Copy the material below verbatim from the line with "So here's another" to the line with "So this has", both lines included, omitting pictures and every line outside that range.
-------- DATA EXTRACTS --------
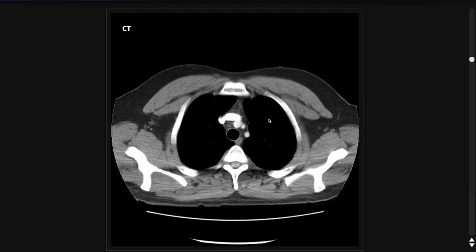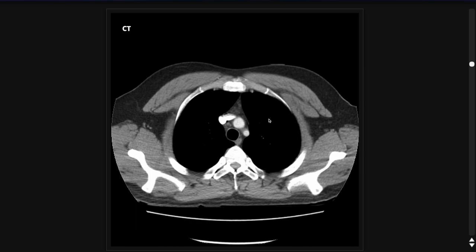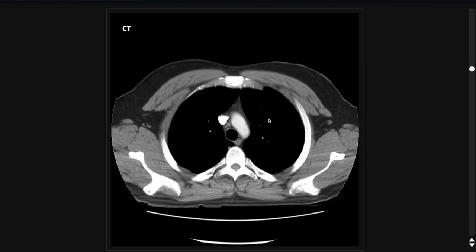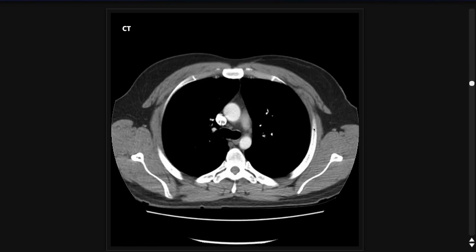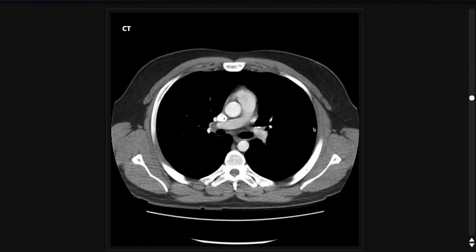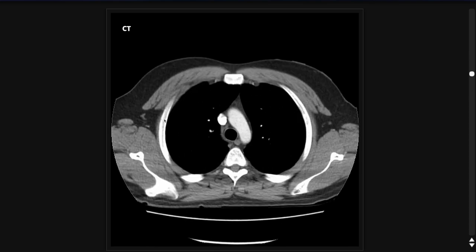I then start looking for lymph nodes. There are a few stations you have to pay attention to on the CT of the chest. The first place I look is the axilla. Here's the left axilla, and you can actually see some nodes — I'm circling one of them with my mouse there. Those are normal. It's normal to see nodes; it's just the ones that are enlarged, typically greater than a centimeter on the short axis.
--------
-------- DATA EXTRACTS --------
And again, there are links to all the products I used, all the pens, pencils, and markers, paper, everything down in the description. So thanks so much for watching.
--------
-------- DATA EXTRACTS --------
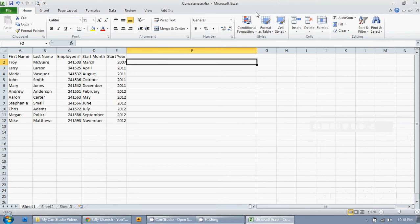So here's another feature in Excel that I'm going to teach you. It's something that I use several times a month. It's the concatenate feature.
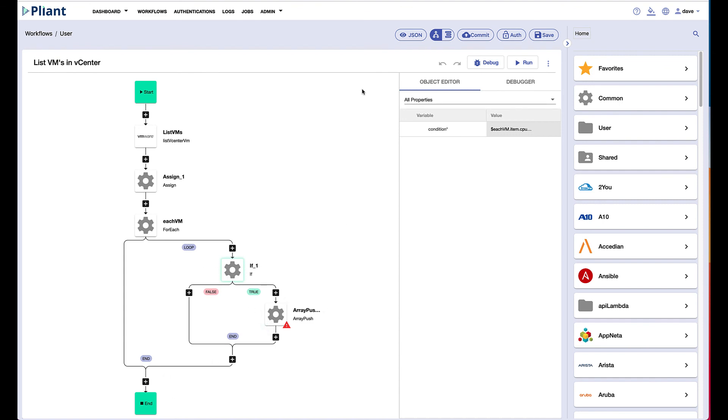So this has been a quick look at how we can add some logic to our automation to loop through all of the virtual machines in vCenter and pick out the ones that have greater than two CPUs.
--------
▶ **SOLUTION TO THIS PROBLEM**
So here's another feature in Excel that I'm going to teach you. It's something that I use several times a month. It's the concatenate feature.
So this has been a quick look at how we can add some logic to our automation to loop through all of the virtual machines in vCenter and pick out the ones that have greater than two CPUs.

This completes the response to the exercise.